Looking for Oversized Dividends? Read This
Most people have never of Hercules Capital Inc (NYSE:HTGC), but the company offers one of the biggest payouts in the current stock market.
Headquartered in Palo Alto, California, Hercules Capital is in the specialty finance business. It focuses primarily on providing senior secured venture growth loans to high-growth, venture capital-backed companies in technology, life sciences, and renewable technology industries.
The business is quite lucrative. In the first quarter of 2019, Hercules Capital’s debt investment portfolio achieved an effective yield of 13%. (Source: “First Quarter 2019 Investor Presentation,” Hercules Capital Inc, May 2, 2019.)
Furthermore, because Hercules is a business development company (BDC), it is required by law to distribute most of its profits to shareholders.
Right now, the company has a quarterly dividend rate of $0.32 per share, which gives Hercules Capital stock an annual yield of 10%.
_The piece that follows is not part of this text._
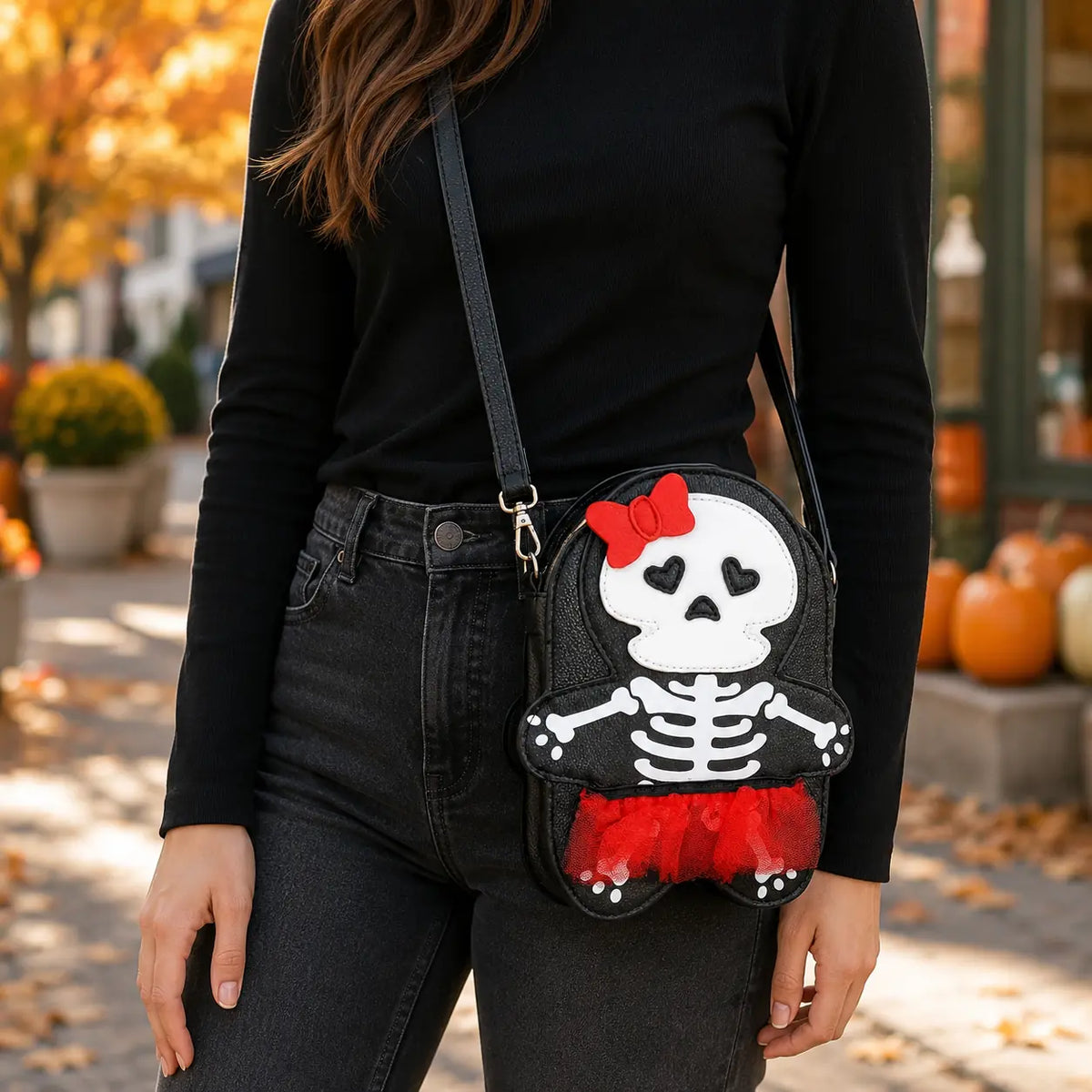 Skeleton girl crossbody bag worn with a black outfit in an autumn setting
I should point out that the company’s board of directors follows what’s called a “variable distribution policy.” In the company’s own words, the objective of the policy is the make “four quarterly distributions in an amount that approximates 90% to 10% of the Company’s taxable quarterly income or potential annual income for a particular year.” (Source: “Hercules Capital Reports First Quarter 2019 Financial Results,” Hercules Capital Inc, May 2, 2019.)
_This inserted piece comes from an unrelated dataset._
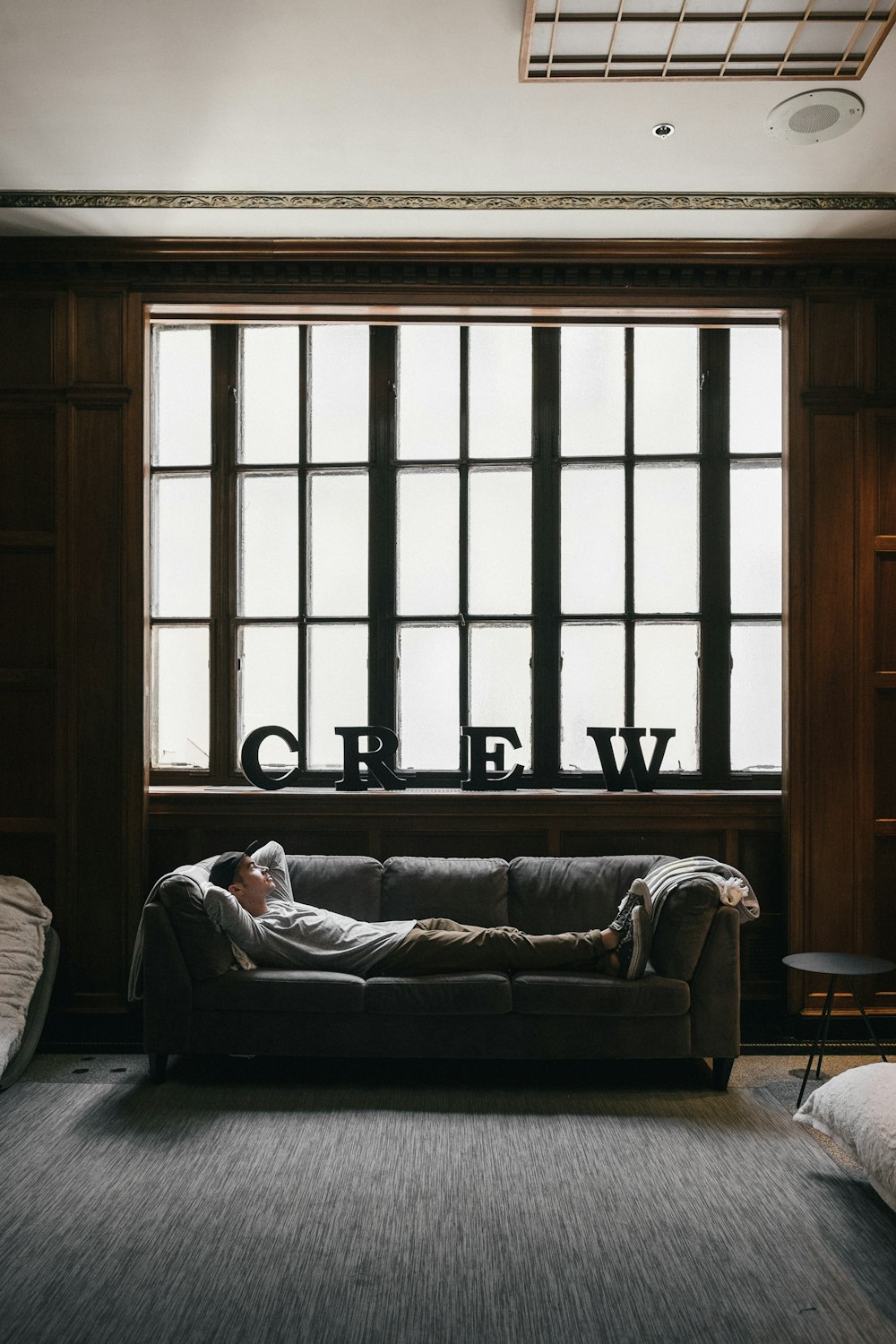 Foto einer Person, die auf dem Sofa in der Nähe des Fensters liegt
In other words, HTGC stock’s quarterly dividends are not carved in stone. When business is booming, the company’s dividends will likely be growing with it. When things slow down, we could see Hercules Capital’s dividend stream shrink as well.
Also worth noting is that regular quarterly dividends aren’t the only payments that HTGC stock investors have collected; the company may also choose to pay additional supplemental cash distributions from time to time. Hercules Capital paid a $0.02-per-share supplemental dividend in November 2018 and another $0.01-per-share supplemental dividend earlier this year. (Source: “Distributions,” Hercules Capital Inc, last accessed July 3, 2019.)
Hercules Capital Inc: Can You Count on This Double-Digit Yielder?
Obviously, based on its business description and variable distribution policy, this 10% yielder does not look like the safest dividend stock on the market. However, compared to other high-yield BDCs, Hercules Capital actually has pretty solid risk management measures.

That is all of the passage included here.